Eppure nello spiegare la supposta differenza con altri salvataggi bancari, nel giorno del varo del decreto salva Bari Di Maio aveva sottolineato come“per Mps non si è avviato il processo di banca pubblica degli investimenti”. Il riferimento del ministro degli Esteri è al contratto tra Lega e Cinque stelle su cui era stato costruito il governo Conte I. Alla voce banca senese l’accordo prevedeva che lo stato “provveda alla ridefinizione della mission e degli obiettivi dell’istituto di credito in un’ottica di servizio”. Quella breve riga, e quella formula “ottica di servizio”, aveva causato un’impennata dello spread e la ripetuta sospensione delle quotazioni di Mps in Borsa e infine una chiusura in profondo rosso a -8,86 per cento.

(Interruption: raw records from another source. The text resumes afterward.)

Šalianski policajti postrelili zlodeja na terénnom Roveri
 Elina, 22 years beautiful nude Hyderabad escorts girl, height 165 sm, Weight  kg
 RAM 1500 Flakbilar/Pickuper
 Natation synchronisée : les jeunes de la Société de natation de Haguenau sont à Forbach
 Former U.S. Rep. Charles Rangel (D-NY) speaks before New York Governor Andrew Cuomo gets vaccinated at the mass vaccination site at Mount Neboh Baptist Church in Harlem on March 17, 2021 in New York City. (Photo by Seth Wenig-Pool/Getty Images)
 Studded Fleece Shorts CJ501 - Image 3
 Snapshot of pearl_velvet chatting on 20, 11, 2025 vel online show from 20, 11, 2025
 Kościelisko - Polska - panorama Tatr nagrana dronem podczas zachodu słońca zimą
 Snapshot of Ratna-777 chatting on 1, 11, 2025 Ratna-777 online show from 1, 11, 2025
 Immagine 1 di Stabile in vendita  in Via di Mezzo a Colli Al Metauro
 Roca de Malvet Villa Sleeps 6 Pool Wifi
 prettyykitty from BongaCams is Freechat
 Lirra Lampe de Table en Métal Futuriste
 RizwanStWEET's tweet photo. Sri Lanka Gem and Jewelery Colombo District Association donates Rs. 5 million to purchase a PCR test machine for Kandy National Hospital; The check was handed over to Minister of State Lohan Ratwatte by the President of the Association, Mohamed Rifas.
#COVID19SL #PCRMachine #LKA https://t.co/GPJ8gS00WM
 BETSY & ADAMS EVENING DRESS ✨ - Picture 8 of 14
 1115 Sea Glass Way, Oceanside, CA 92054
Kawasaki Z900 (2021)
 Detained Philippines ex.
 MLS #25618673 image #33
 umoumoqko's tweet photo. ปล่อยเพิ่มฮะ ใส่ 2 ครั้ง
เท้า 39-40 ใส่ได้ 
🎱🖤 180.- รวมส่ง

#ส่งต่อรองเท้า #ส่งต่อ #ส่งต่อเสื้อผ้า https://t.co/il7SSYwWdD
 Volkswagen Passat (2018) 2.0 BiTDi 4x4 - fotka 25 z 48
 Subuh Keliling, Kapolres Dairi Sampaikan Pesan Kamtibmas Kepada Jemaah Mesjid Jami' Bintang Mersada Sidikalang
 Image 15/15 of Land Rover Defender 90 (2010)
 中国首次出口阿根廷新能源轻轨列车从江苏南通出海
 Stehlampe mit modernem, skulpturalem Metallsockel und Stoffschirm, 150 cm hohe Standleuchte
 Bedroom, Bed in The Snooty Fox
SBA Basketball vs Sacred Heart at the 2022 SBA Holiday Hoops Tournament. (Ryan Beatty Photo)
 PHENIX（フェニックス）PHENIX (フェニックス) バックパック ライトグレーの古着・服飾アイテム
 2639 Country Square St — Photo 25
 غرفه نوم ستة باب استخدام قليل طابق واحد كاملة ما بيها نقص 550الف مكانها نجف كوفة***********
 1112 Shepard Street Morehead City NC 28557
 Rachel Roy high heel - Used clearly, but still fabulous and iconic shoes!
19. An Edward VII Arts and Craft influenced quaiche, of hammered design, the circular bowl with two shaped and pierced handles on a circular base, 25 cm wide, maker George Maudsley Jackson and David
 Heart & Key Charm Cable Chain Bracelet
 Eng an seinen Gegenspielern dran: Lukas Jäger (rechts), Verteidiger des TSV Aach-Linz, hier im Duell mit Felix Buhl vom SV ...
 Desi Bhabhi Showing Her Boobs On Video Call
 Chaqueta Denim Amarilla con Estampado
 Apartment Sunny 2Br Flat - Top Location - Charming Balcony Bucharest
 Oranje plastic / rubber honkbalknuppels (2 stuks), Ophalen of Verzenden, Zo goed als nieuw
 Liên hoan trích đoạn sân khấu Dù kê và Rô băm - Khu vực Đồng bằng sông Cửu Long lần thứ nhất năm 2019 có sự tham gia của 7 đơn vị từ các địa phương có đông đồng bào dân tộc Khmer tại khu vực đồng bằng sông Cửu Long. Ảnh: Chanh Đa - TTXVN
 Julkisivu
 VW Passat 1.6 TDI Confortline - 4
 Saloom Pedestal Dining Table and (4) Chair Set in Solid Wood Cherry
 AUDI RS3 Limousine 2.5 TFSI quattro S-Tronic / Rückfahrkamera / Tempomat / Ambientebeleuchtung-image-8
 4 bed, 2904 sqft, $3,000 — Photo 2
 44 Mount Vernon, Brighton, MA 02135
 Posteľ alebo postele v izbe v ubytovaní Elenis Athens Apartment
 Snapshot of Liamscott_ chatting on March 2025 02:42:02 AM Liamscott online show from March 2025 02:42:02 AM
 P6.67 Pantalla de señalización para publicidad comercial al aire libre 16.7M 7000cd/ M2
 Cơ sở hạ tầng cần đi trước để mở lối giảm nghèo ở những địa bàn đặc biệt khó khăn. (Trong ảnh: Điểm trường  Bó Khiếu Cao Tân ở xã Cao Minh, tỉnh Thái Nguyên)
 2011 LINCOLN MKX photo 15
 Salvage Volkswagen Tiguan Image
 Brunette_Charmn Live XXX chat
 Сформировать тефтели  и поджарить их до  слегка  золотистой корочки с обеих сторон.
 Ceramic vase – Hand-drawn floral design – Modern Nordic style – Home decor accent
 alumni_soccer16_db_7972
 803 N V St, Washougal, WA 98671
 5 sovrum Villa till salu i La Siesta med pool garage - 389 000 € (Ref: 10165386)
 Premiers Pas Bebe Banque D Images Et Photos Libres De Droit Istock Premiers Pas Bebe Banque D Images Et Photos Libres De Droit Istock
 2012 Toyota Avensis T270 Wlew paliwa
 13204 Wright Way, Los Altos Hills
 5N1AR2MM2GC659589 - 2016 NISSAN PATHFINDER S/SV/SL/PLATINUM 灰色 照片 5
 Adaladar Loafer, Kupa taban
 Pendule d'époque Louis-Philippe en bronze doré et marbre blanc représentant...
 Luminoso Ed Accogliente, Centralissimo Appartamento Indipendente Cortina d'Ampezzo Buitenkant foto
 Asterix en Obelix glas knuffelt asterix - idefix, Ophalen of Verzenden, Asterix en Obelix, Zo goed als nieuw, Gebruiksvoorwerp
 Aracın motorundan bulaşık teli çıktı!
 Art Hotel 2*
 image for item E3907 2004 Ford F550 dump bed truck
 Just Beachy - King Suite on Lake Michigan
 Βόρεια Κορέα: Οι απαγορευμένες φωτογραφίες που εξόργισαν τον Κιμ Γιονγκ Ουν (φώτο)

Eppure, evidentemente senza rammentarsi dei risultati, con formule differenti e con dimensioni ridotte, passando dalla fu terza banca italiana alla prima del Meridione, i progetti una volta cuciti addosso a Monte Paschi di Siena dai gialloverdi sembrano essersi, sotto il nuovo esecutivo, reinsediati a Bari.

 

Per ora quello che è certo è che sulla banca dissestata – quasi 2 miliardi di crediti deteriorati e centinaia di milioni di euro di perdite sul bilancio del 2019, almeno 200 secondo le indiscrezioni dell’ottimista Sole 24 Ore – è intervenuto il Fondo tutela dei depositi, cioè le altre banche, con un’iniezione di liquidità di 310 milioni di euro che ha salvato di fatto depositi pari a un valore di 4,5 miliardi. E dovrebbe intervenire soprattutto il Mediocredito centrale per una ricapitalizzazione totale fino a 1,4 miliardi. Del resto Mediocredito centrale Banca del Mezzogiorno ha già come mission quella “di sostenere, principalmente nel Mezzogiorno, le Pmi mediante l’erogazione di finanziamenti e la gestione di fondi di garanzia pubblici”, come si legge nel bilancio dell’Agenzia del Mise. E finora lo ha fatto senza una rete diffusa sul territorio passando da Poste a Invitalia. Ma con un patrimonio netto di 265milioni di euro a fine 2018 si trova ora coinvolto in un’operazione che, secondo le tre principali agenzie di rating Fitch, Standard & Poor’s e Moody’s, ne potrebbe mettere a rischio la solidità finanziaria e quindi la solvibilità. Se le prime due hanno lanciato l’allarme già il 21 dicembre sugli effetti dell’integrazione tra la società di Invitalia e la Popolare di Bari, il giudizio di Moody’s vergato l’ultimo giorno dell’anno è particolarmente affilato perché basato sulle nude cifre: “Secondo le relazioni finanziarie pubbliche, Bpb aveva 1,2 miliardi di prestiti in sofferenza a giugno 2019, quasi la metà delle attività totali della Banca del Mezzogiorno e quattro volte il suo patrimonio netto tangibile”, ricorda per esempio l’agenzia nella nota con cui annuncia di aver messo la banca sotto valutazione per un possibile declassamento. E ovviamente non è un caso che nel suo dare il via libera al salvataggio di Bari l’istituto abbia condizionato il suo intervento a tutta una serie di paletti, in particolare sulla definizione di un piano industriale che porti alla redditività. Ma nel migliore dei casi, visto che ancora non si sa cosa si possa trovare scoperchiando i conti della banca degli Jacobini e prendendo ad esempio il confronto con Mps, cioè la prima protagonista scritturata per il ruolo di banca di investimento, potrebbe esserci una lunga via crucis. Siena dopo il salvataggio perse un miliardo solo nei primi quattro mesi.

 

Così mentre la piccola banca di sviluppo che c’è rischia il downgrade, viene da confidare che le parole non siano proprio importanti, ma servano semplicemente a non chiamare con il suo nome il Salva banche 2.